И солнце взойдет (СИ) - О'. Страница 127
— Возможно, космосу плевать на потерю одного-единственного человека, но мир не состоит лишь из глобального. Есть ведь и личное. И для кого-то эта смерть — конец. Больше не будет мечтаний, любви, целой реальности! И мы не можем относиться к нашему делу так, будто это конвейер бездушных случаев.
— В тебе пока бурлит беспричинный энтузиазм. — Энтони снисходительно улыбнулся, а Рене вдруг захотелось швырнуть в него намертво вбитым в камень пушечным ядром. — Пустой оптимизм. Возможно, на нем ты протянешь чуть дольше, чем несколько лет, но взрослеть тебе все же придется…

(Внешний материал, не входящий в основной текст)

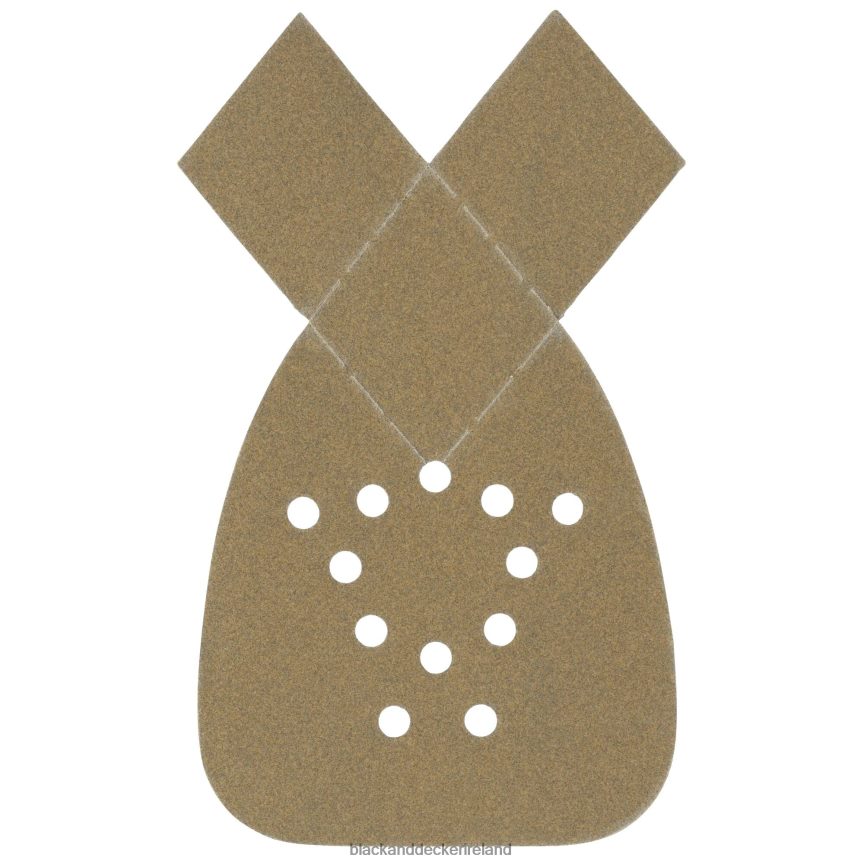 BLACK+DECKER MOUSE Fine Grit Sandpaper For Dust Collection 5Pk 2TNNR2642 Tools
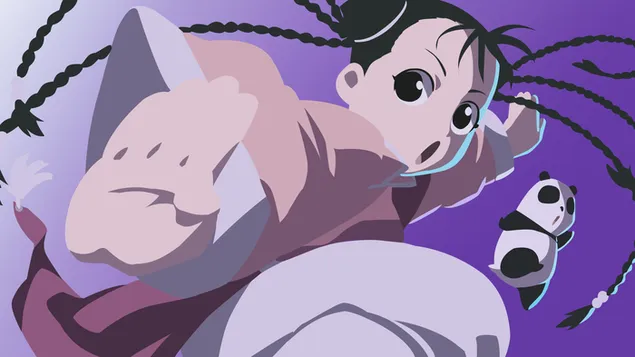 นักเล่นแร่แปรธาตุ Fullmetal - May Chang & Shao May 2K วอลเปเปอร์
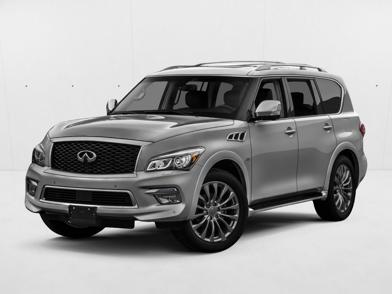 2017 INFINITI QX80  -
                  Dallas, TX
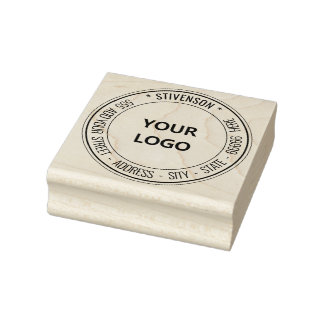 Add Your Logo or Photo Name Return Address Stamp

— Хватит! — вдруг выкрикнула она. И — чудо! — Энтони резко замолчал. — Хватит думать, будто я малолетняя дура. Хватит меня поучать! Только и слышу: взрослей, ребенок, наивность. Хватит! Ты же ничего не знаешь! Ничего совершенно, чтобы раздавать советы, какие мне принимать решения, что считать и чем руководствоваться. Я понимаю, вам весело. О, вот она — милая маленькая девочка — над ней ведь можно так хорошо посмеяться. Восторженная глупышка, у которой в голове лишь романтика да альтруизм. Чем не прекрасный объект для шуток и наставительных разговоров. Но все немного иначе. Я не просто…
— Серьезно? — вдруг прервал ее Тони. — Вот как ты обо мне думаешь?

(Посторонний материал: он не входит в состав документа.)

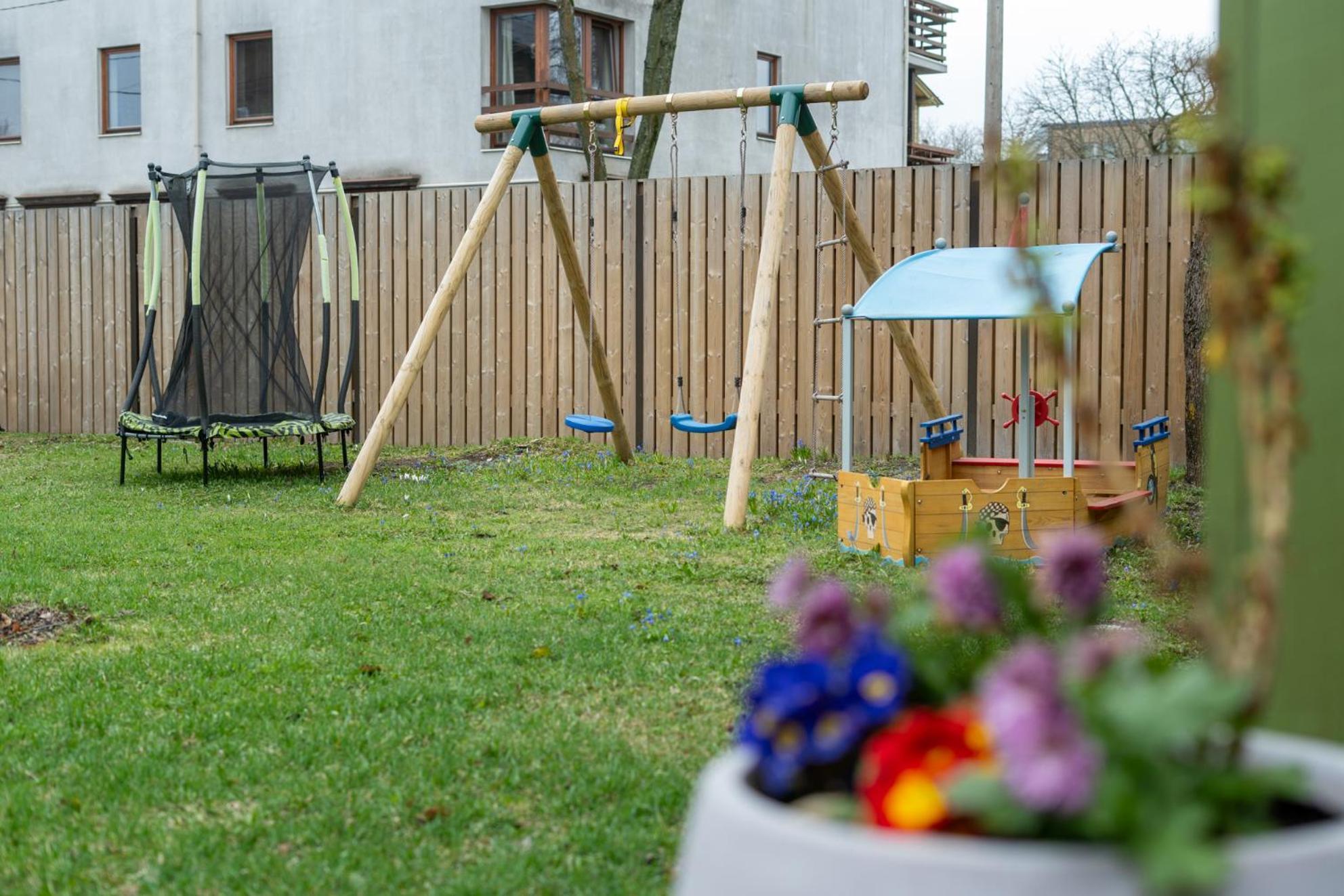 Garden Next To Telliskivi & Old Town * Tallinn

— А ты только что дал мне повод думать иначе? — хохотнула Рене. — Ты слишком азартный игрок, и твои ставки ради удовлетворения собственного тщеславия, боюсь, неприемлемы для меня. Да, мне двадцать четыре, и опыта едва ли хватит на страницу больничного резюме…
— Достаточно, можешь не продолжать.
— Знаешь, почему я решила стать врачом? — Она резко повернулась и уставилась в лицо замершего поодаль Энтони. — В четырнадцать лет я была балериной. Глупой танцовщицей, что крутила свои фуэте да приседала плие. Не самая легкая, но прекрасная жизнь, где каждое лето перед глазами синело море, под ногами простиралась любимая сцена, и в ушах играла лучшая музыка. А потом моей подруге вспороли живот. Просто так! Прямо у меня на глазах. И я ничего не могла сделать. Представляешь? Ничего! Дочь хирургов, внучка главы «Красного креста» не знала даже, как остановить долбаное кровотечение!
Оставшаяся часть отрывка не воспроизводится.